The secondary hasn’t produced stellar numbers and they’ve had some lapses, most notably at Arizona. But this is a case where statistics are lying a bit. Reynolds has been nails and Poyer had a three-interception game this past Saturday. Safety Ryan Murphy is a (ball hawk) and both he and Tyrequek Zimmerman are highly adept in run support. CB Sean Martin and S Anthony Watkins are also making their marks and will see plenty of reps.
5. How does Oregon State regard BYU? What are the expectations for the game and what does Oregon State need to do in order to beat BYU?

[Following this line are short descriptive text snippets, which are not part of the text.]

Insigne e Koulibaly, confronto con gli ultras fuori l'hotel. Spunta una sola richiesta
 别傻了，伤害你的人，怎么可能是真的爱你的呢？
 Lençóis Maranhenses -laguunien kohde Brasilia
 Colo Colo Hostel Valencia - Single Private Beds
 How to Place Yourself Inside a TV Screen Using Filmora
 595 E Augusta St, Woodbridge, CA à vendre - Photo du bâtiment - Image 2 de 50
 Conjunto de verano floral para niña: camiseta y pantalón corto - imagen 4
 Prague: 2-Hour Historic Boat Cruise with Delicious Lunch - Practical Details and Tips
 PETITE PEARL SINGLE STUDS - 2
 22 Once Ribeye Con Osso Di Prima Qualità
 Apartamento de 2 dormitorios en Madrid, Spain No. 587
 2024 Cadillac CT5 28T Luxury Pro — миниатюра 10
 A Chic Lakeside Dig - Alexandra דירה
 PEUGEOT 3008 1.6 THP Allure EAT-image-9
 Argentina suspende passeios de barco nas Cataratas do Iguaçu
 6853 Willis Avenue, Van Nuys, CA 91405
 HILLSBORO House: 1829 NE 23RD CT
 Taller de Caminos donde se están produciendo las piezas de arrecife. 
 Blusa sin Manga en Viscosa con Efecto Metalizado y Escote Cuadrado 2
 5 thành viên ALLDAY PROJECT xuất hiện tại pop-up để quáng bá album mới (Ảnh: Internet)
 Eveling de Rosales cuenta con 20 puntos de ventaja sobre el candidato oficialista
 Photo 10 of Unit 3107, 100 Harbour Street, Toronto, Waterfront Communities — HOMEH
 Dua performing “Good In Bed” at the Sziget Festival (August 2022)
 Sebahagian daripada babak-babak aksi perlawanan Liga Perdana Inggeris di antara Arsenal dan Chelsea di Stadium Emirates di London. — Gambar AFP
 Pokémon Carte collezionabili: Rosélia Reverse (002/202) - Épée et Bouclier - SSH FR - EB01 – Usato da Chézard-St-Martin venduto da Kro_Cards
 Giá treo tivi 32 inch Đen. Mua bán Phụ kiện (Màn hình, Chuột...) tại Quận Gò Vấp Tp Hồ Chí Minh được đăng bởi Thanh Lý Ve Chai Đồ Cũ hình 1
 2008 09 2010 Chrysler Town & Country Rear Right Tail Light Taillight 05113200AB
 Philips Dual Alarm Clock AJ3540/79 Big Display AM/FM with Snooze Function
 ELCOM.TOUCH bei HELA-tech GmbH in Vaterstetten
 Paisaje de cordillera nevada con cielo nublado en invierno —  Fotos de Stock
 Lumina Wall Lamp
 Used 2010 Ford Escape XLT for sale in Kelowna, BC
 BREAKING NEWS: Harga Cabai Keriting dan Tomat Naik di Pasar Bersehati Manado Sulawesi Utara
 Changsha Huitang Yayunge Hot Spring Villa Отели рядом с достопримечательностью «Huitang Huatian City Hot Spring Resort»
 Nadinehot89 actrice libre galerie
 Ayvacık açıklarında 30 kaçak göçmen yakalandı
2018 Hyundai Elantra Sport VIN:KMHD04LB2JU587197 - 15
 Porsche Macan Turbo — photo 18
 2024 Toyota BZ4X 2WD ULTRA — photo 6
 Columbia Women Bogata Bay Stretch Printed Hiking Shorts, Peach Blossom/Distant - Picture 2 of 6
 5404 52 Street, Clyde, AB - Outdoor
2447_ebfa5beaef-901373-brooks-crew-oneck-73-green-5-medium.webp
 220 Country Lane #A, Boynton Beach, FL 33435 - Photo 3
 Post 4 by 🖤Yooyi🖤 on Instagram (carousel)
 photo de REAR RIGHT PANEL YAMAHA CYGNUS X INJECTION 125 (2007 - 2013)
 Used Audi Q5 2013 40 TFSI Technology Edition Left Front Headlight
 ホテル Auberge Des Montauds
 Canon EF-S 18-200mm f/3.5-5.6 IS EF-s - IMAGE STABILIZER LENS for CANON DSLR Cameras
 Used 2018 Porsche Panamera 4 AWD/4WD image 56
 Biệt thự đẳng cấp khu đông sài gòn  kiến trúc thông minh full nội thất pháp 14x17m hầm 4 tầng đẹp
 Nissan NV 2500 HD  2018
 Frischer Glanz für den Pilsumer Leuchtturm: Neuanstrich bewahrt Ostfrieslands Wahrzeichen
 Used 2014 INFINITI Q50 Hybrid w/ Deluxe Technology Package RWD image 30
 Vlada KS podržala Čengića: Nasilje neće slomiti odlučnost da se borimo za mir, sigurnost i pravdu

Oregon State already regarded BYU as a very tough test and it’s that much more pronounced now with Mannion out. OSU desperately wants to continue their unbeaten streak but they’ll have to play better than they did last week against WSU if they’re to move to 5-0 and improve on their No. 10/14 ranking in the polls. The running game doesn’t need to be lights out, but it does need to at least be credible to take pressure off Vaz. And Vaz needs to make quick, correct decisions and throw the ball away when the walls are closing in. The o-line needs to play their best game to date in order to give Vaz time and to open enough holes for Woods and Agnew to squeak through.
That’s a long list and all of those things might not be realistic against this BYU defense. And so the biggest thing Oregon State needs to do in order to come out on top is to win on defense. A prescient interception here, a key stand there — OSU should be able to bring pressure and put BYU in a few holes. And if they force the turnovers, that may be what decides it. Even if the offense doesn’t score after a turnover or a big defensive stand, taking the ball away and/or stopping BYU’s momentum enough times on D for Oregon State may be enough to win this one for the Beavs.